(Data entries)
════════════════

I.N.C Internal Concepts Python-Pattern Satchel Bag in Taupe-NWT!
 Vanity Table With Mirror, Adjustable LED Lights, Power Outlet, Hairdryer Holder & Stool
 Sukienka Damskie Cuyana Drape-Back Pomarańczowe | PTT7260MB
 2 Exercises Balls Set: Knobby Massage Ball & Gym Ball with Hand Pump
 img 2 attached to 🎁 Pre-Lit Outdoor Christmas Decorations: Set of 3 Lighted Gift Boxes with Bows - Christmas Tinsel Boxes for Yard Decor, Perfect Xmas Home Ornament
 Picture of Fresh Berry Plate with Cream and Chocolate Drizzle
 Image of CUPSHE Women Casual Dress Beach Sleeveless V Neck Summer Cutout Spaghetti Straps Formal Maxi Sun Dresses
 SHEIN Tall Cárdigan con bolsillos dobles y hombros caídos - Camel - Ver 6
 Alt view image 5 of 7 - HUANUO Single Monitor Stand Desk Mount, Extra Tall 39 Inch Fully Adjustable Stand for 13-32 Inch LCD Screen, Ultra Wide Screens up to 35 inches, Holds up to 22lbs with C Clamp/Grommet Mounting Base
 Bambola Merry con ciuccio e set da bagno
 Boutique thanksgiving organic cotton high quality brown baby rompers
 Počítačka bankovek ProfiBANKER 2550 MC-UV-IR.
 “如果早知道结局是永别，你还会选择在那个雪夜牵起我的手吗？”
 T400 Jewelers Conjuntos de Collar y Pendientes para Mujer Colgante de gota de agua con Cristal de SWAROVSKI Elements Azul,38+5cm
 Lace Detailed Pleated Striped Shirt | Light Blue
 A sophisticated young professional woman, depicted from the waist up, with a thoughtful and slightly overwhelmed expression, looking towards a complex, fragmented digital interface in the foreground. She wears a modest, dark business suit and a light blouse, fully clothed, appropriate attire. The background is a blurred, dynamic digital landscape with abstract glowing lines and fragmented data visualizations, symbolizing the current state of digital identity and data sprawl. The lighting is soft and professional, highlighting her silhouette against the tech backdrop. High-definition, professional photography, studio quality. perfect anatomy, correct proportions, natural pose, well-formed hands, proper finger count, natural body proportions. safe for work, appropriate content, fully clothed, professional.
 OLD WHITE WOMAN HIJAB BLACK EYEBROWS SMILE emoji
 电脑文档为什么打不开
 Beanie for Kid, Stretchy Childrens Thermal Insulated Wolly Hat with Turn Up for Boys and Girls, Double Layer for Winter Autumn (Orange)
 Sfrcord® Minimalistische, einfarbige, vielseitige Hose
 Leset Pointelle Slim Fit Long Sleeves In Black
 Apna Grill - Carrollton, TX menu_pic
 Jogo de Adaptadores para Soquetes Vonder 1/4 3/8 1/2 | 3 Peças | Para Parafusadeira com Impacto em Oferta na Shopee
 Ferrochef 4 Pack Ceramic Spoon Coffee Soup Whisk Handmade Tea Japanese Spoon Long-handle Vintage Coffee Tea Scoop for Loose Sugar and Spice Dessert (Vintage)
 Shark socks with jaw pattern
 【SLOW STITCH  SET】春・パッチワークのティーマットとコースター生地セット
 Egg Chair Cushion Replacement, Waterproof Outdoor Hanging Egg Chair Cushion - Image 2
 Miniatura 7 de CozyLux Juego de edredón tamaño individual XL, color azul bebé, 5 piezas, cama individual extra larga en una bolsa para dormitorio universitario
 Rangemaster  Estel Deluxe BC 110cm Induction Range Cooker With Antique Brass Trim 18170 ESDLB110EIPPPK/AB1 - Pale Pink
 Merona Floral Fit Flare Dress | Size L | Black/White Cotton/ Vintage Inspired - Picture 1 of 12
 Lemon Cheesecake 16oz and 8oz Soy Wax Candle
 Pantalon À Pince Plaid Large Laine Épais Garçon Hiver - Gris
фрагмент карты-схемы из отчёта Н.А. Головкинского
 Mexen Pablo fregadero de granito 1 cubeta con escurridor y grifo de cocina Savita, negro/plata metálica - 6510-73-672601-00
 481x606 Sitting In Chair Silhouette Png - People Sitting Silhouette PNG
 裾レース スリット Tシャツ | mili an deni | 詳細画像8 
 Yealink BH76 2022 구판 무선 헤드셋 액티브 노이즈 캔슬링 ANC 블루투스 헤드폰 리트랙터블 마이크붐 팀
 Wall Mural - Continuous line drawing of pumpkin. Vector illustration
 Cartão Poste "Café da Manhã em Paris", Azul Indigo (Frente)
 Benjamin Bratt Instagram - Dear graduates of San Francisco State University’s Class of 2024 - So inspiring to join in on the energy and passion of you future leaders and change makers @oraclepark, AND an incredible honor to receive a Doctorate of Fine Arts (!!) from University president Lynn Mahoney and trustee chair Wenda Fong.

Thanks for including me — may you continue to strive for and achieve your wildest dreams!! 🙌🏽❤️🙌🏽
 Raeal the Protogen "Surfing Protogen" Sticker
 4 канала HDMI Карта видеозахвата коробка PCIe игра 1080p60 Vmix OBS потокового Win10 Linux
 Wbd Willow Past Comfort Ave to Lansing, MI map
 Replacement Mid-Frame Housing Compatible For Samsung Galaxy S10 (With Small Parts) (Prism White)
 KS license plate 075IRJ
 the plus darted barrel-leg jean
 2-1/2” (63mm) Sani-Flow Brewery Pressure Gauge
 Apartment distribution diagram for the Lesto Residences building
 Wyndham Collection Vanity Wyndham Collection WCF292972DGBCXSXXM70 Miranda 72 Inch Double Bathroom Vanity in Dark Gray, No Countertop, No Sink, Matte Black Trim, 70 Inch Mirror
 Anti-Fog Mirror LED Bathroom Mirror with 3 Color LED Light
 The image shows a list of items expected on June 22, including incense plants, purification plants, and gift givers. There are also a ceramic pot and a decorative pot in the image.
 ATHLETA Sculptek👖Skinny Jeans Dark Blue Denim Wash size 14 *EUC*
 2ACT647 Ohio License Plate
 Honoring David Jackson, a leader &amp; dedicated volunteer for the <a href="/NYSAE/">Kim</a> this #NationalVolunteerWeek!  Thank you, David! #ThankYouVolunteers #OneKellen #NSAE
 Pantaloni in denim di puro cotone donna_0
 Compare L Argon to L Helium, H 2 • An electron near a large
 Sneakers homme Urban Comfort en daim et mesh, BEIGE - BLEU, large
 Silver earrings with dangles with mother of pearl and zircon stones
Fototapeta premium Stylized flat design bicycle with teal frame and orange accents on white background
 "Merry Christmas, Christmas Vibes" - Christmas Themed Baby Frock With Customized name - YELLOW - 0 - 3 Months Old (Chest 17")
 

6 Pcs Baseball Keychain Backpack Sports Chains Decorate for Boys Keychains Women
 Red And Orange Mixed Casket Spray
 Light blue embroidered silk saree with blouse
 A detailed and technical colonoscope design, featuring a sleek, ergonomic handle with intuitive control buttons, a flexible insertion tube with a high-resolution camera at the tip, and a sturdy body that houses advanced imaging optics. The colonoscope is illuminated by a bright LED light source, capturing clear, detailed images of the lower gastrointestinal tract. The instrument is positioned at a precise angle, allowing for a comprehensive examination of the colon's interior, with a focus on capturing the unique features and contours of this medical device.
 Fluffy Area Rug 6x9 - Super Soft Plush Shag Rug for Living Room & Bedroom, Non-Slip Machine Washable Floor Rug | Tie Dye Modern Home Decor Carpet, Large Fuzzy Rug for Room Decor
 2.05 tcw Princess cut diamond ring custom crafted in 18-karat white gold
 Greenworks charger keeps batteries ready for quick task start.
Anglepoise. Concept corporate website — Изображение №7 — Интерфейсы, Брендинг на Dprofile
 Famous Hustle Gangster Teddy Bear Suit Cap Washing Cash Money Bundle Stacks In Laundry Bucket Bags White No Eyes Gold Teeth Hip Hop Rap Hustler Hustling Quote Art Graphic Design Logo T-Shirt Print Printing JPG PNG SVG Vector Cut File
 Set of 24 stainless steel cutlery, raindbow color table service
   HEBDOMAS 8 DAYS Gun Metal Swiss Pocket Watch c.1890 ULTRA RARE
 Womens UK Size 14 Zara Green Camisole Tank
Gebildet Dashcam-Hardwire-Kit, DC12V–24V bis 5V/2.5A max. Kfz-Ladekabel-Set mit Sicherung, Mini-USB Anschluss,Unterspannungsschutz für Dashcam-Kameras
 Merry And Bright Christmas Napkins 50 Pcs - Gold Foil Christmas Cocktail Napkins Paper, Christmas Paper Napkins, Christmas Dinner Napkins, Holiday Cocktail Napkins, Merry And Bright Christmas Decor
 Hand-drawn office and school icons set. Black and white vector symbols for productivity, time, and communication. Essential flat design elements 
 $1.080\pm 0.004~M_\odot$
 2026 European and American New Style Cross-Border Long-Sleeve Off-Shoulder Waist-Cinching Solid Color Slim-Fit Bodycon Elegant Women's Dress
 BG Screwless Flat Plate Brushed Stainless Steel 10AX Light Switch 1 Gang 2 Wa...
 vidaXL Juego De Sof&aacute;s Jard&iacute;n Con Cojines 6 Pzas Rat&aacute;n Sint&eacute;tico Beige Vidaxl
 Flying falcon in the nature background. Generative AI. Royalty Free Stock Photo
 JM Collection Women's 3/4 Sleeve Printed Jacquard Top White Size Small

════════════════

Instructions for the task:
Exactly as they appear above, output the lines of the data from the first through the one that contains "2 Exercises Balls", and only those lines.

Task output:
I.N.C Internal Concepts Python-Pattern Satchel Bag in Taupe-NWT!
 Vanity Table With Mirror, Adjustable LED Lights, Power Outlet, Hairdryer Holder & Stool
 Sukienka Damskie Cuyana Drape-Back Pomarańczowe | PTT7260MB
 2 Exercises Balls Set: Knobby Massage Ball & Gym Ball with Hand Pump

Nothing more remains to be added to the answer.